For many parents, realizing their goals can be difficult due to the amount of uncertainty thrown into the mix. You have a plan to exercise daily for 30 minutes, or write a blog post once a week, or spend 15 minutes meditating every morning. You may do it for four, five, even six days and feel really good about your accomplishment. And then – the baby hits a growth spurt and starts waking up three times a night again. A snow day cancels school. One of the children gets sick from daycare (again), and then your partner gets sick, and then you do. You get pregnant with twins and suddenly writing a book proposal doesn’t seem so important (cough, cough). A deadline comes up at work, and you want to spend any free time you have with your children. You go into survival mode and making sure everyone is fed and has clean clothes feels like a true achievement.
Once you come out of the crisis period, it can be difficult to get back on the path towards your goal. When we make small steps towards an achievement, it motivates us to continue. The opposite is also true. We get behind, and “catching up” feels impossible.
How Postpartum Depression Sacked My Goals
When I had my second baby, I was really looking forward to getting my “normal” body back through exercise. I had bought a few workout DVDs, a new mat, and was counting down the days until I could start to “bounce back.” About six weeks after he was born, things were tough. Neither of my sons seem to sleep all that much. Even with the lack of sleep, I started with my DVDs and was exercising about three times a week. It felt great!
Then two things happened. One, my weight did not budge. I stepped on the scale every day; looking back, that was probably a REALLY bad idea. Seeing the numbers stay the same, way above my “normal” weight, discouraged me.
Two, the lack of sleep and hormones caught up to me and I got sacked by postpartum depression. I’ve struggled here and there with mood disorders, in college and during my first pregnancy, but this was like nothing I had ever experienced. The baby crying would cause an anxiety attack. I wouldn’t be able to figure out how to calm him. He didn’t want to be held or to eat, and I couldn’t get him on any sort of regular nap schedule. I felt incompetent.

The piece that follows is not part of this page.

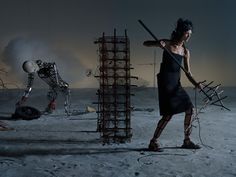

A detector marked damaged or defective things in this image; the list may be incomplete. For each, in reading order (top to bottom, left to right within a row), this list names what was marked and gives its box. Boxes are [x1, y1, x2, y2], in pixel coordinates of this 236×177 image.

rusty rebar tower [94, 28, 137, 142]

Picking up my other son from preschool with a baby in tow seemed much harder than I expected it to be. Then getting the boys home, fed, bathed, and to bed on two different schedules and by myself, since my husband came home from work after the baby went to bed, seemed impossible. I couldn’t get into a routine. I just wanted to cry.
I went back to work part-time, teaching an evening class, and the return to my “normal” life didn’t seem to help at all. I still held feelings of resentment, of being overwhelmed, and of not measuring up as a mom.

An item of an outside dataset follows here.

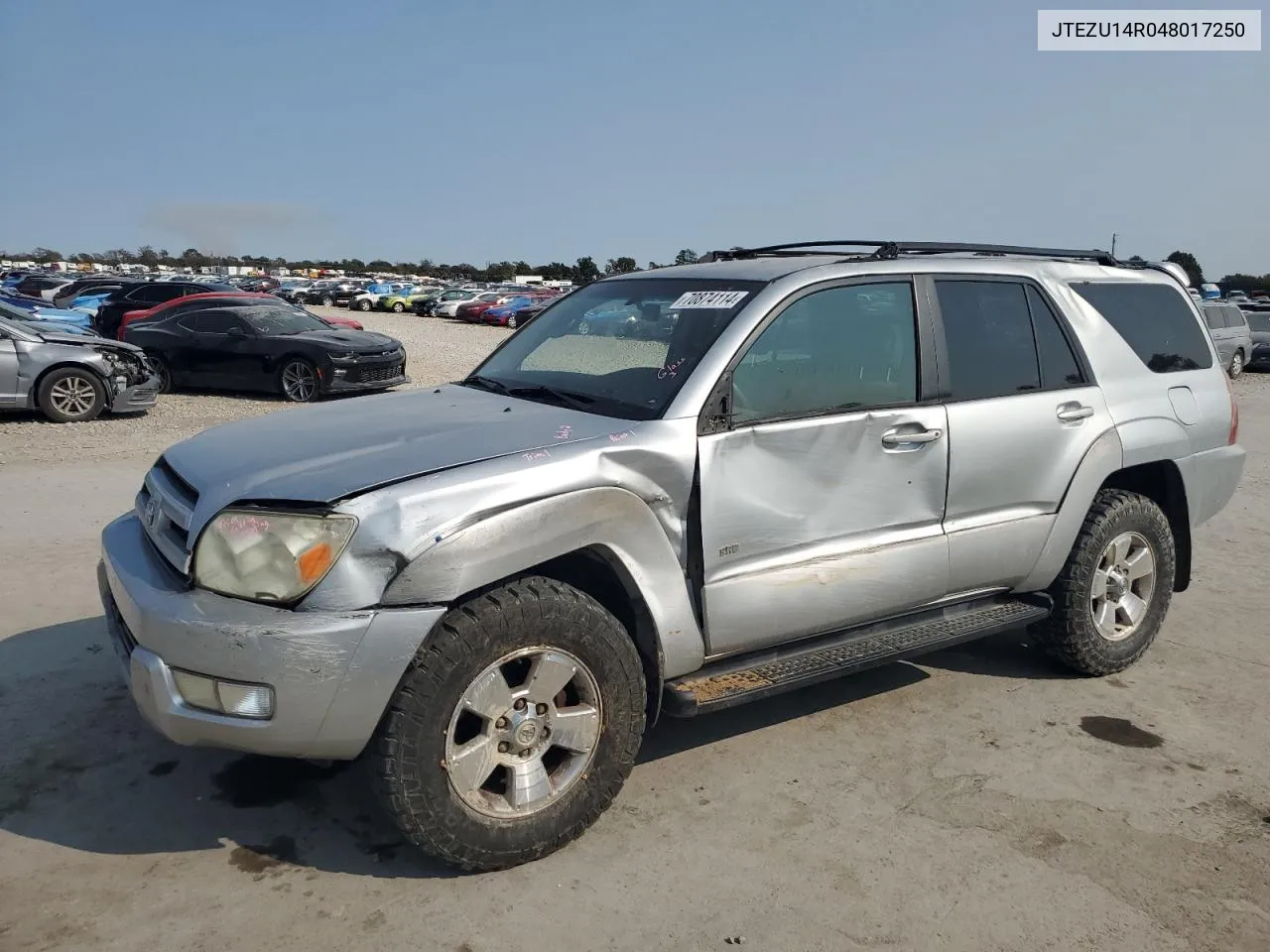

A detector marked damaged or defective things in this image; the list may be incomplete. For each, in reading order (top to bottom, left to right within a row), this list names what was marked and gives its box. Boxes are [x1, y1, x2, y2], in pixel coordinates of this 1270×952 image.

Building Flexibility into our Goals
One thing that we’re learning is that when people feel as if they have limited time spread across a number of different roles, their goals can be more difficult to achieve. Switching from your “work” self to your “home” self takes a certain amount of energy away from achieving your goals. Working moms and dads feel this pressure, but so does anyone who is switching among multiple different roles.

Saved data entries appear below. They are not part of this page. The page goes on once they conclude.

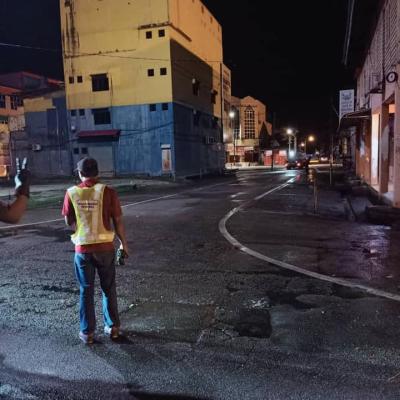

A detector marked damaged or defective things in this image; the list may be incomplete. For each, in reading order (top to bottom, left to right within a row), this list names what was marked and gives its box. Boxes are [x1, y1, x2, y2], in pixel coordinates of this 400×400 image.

pothole in asphalt [122, 302, 214, 342] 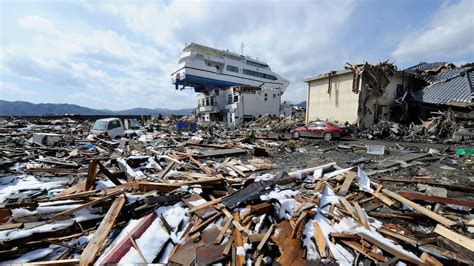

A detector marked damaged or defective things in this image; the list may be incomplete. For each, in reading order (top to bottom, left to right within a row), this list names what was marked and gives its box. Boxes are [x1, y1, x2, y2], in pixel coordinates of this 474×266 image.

damaged building [306, 61, 402, 128]
splintered wood beam [382, 188, 456, 228]
broken wooden plank [382, 189, 456, 227]
splintered wood beam [80, 196, 127, 264]
broken wooden plank [80, 196, 127, 264]
splintered wood beam [434, 224, 474, 251]
broken wooden plank [434, 224, 474, 251] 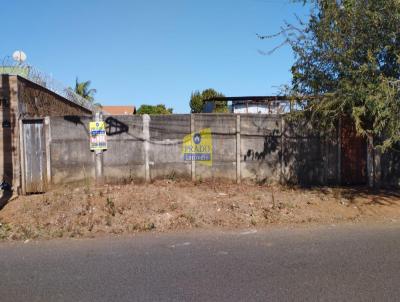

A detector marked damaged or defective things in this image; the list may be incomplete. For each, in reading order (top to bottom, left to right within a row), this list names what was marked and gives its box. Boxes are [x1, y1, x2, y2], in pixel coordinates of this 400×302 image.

Another problem is that we set our goals without considering how our changing feelings might affect them. We say, “I’m going to run three miles a day no matter what!” and anything less than that is failure. There’s a whole culture on the internet of “What’s your excuse?” for not exercising, not being fit, not attaining the highest possible achievements in work. life, and family.
Goal-setting theory teaches us that it’s in making small steps to our goal that we gain motivation and feel as if we can keep going. Small achievements help us develop something called “self-efficacy,” the feeling as if we can attain the goal. The overwhelming goal of “lose the 20 pounds of baby weight” becomes more manageable when we can tie it to small steps we can take each day that help us achieve it.
After my second, I never really got back on the exercise train the way I planned to, and then I got pregnant with twins. After going through postpartum depression, I realized that while exercise can be incredibly important in recovering, sleep has to come first. Radical self-care is my number one goal for 2016. It’s hard for a mom to say that because it sounds selfish, but it’s not. If I am a basket case, I can’t take care of my boys. I can’t be a good, loving wife to my husband (who works his butt off to keep us all happy). For the sake of everyone I love, I need to take care of myself.
Here are a few things to keep in mind when setting goals for the new year – or really, any time. In my next post, I’m going to talk about how I plan to achieve my goal of self-care in the new year (and post-twins!).
1. Set a goal that is specific and measurable.
When managers give their sales staff goals that they can easily measure, and that give them specific and understandable targets, the sales staff invariably perform better on the job. The same can be true for you. Part of the reason that photos of your friends running marathons clutter up your Facebook feed is because a marathon (or 5K, or 10K, or any sort of race, really) provides a clear and specific goal that you can measure your progress towards. You can set out a specific plan of how many miles to run per week, and timing yourself provides a clear feedback mechanism.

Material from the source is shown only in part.